[Extracted data entries]
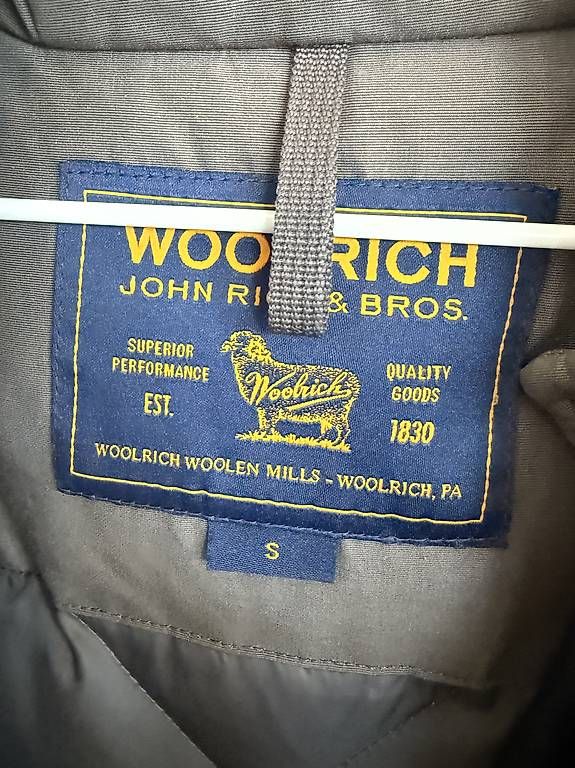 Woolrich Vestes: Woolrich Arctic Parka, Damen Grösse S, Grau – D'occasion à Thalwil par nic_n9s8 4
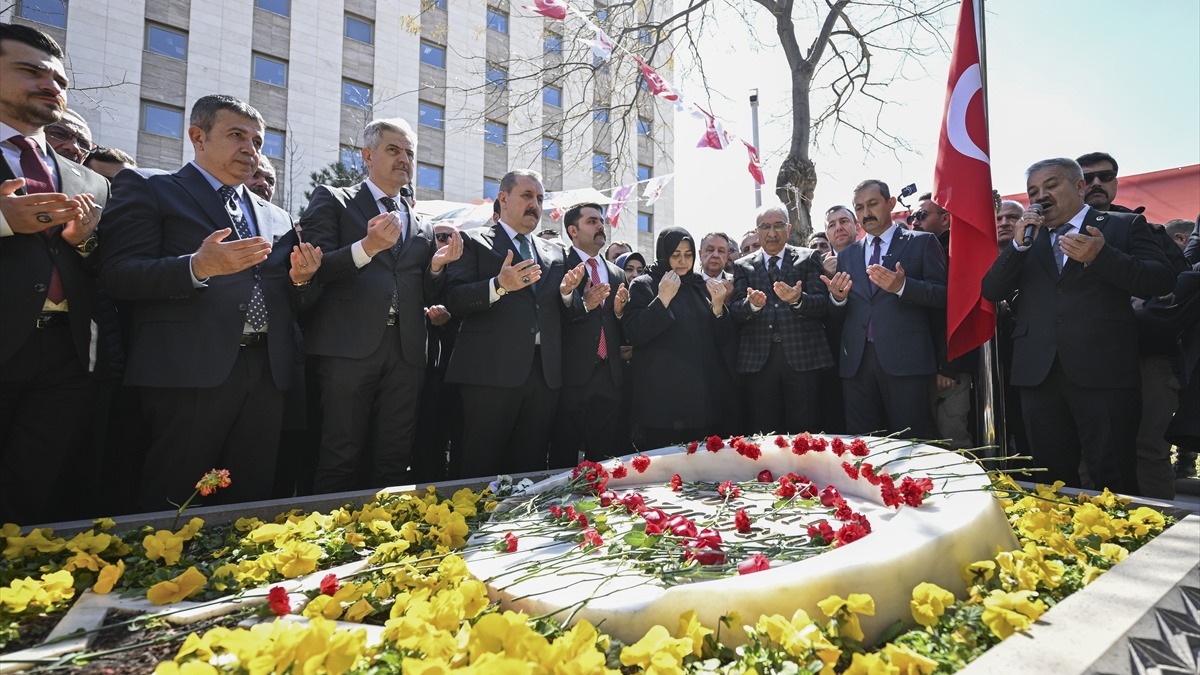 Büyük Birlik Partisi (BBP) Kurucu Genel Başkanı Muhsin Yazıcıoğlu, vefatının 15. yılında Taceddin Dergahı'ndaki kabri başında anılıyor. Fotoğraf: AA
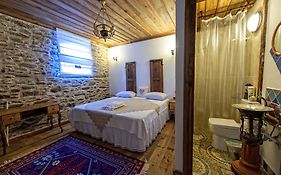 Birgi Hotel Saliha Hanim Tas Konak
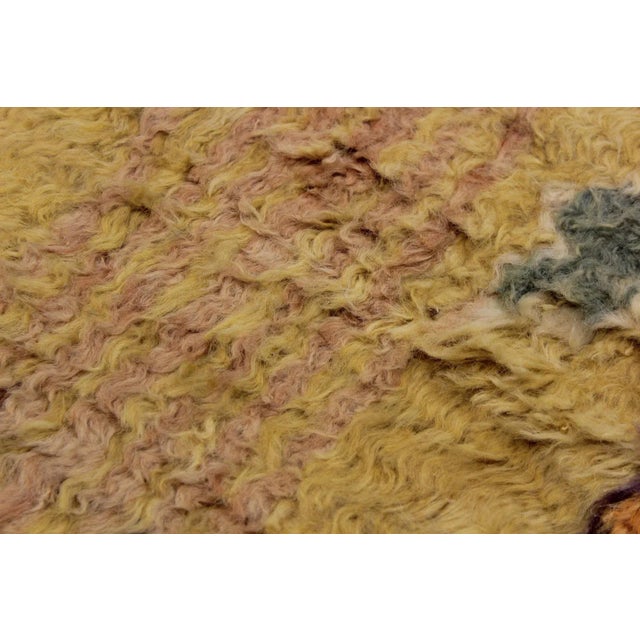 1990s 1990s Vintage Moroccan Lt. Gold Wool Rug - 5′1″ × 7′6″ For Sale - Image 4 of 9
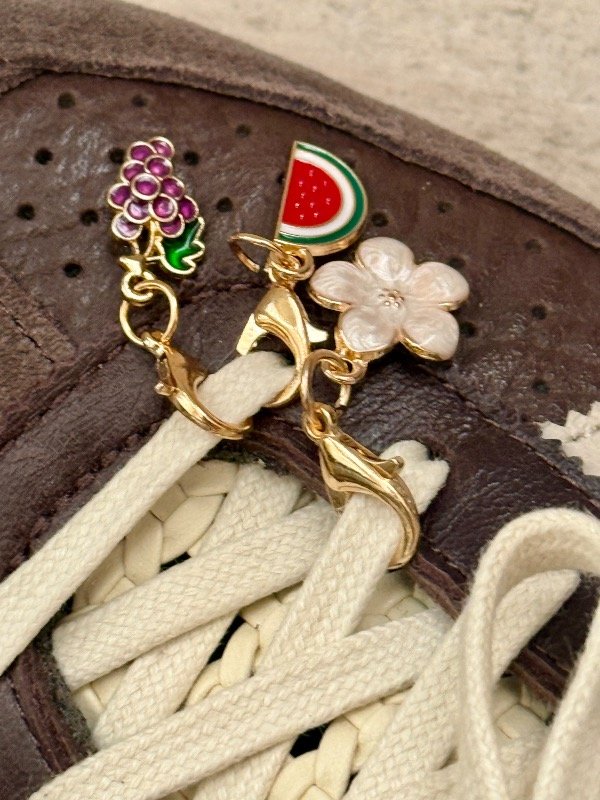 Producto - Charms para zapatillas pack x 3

WORK ITEM ::
Repeat, word for word, each of the records, omitting any image they hold.

SOLUTION BELOW ::
 Woolrich Vestes: Woolrich Arctic Parka, Damen Grösse S, Grau – D'occasion à Thalwil par nic_n9s8 4
 Büyük Birlik Partisi (BBP) Kurucu Genel Başkanı Muhsin Yazıcıoğlu, vefatının 15. yılında Taceddin Dergahı'ndaki kabri başında anılıyor. Fotoğraf: AA
 Birgi Hotel Saliha Hanim Tas Konak
 1990s 1990s Vintage Moroccan Lt. Gold Wool Rug - 5′1″ × 7′6″ For Sale - Image 4 of 9
 Producto - Charms para zapatillas pack x 3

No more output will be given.